分散コンピューティング(ぶんさんコンピューティング、
英:
Distributed computing)とは、
プログラムの個々の部分が同時並行的に複数の
コンピュータ上で実行され、各々が
ネットワークを介して互いに通信を行いながら全体として処理が進行する計算手法のことである。複雑な計算などをネットワークを介して複数のコンピュータを利用して行うことで、一台のコンピュータで計算するより
スループットを上げようとする取り組み、またはそれを実現する為の仕組みである。
分散処理(ぶんさんしょり)ともいう。
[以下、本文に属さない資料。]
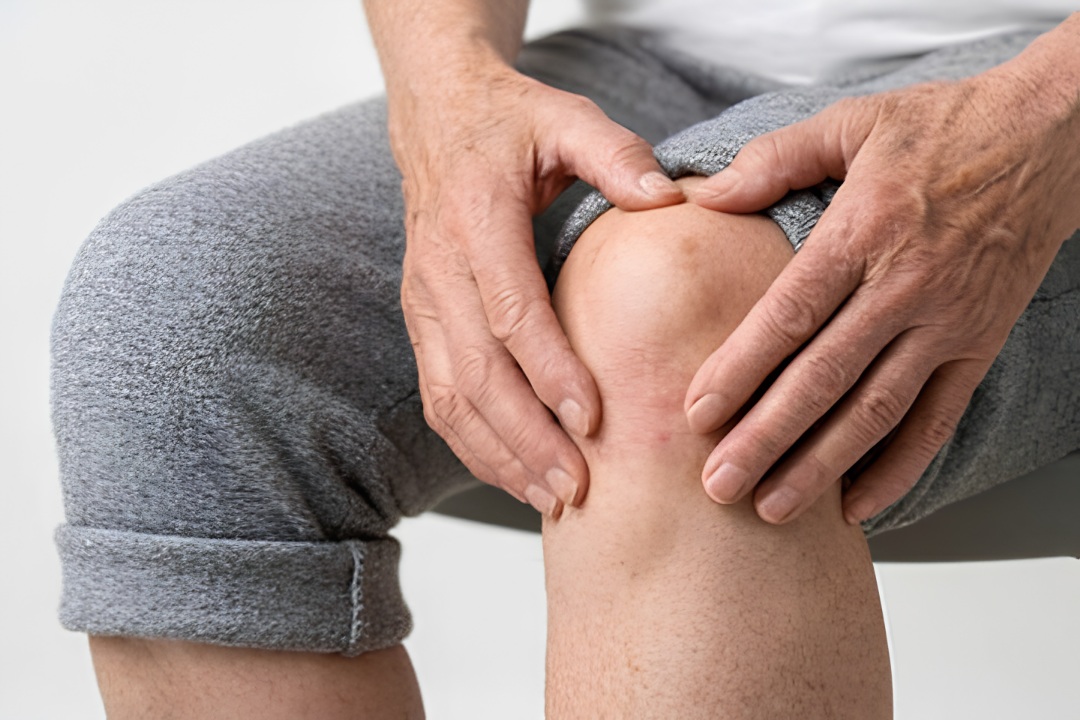 Knee Osteoarthritis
並列コンピューティングの一形態に分類されるが、一般に並列コンピューティングと言えば、同時並行に実行する主体は同じコンピュータシステム内のCPU群である。ただし、どちらもプログラムの分割(同時に実行できる部分にプログラムを分けること)が必須である。分散コンピューティングではさらに、それぞれの部分が異なる環境でも動作できるようにしなければならない。例えば、2台の異なるハードウェアを使ったコンピュータで、それぞれ異なる
ファイルシステム構成であっても動作するよう配慮する必要がある。
問題を複数の部分問題に分けて各コンピュータに実行させるのが基本であり、
素数探索や数多く試してみる以外に解決できない問題の対処として用いられているものが多い。分散コンピューティングの例として
BOINCがある。これは、大きな問題を多数の小さな問題に分割し、多数のコンピュータに分配するフレームワークである。その後、それぞれの結果を集めて大きな解を得る。一般的に処理を分散すると一台のコンピュータで計算する場合と比べ、問題データの分配、収集、集計するためのネットワークの負荷が増加し、問題解決の為の
ボトルネックとなるため、部分問題間の依存関係を減らすことが重要な課題となる。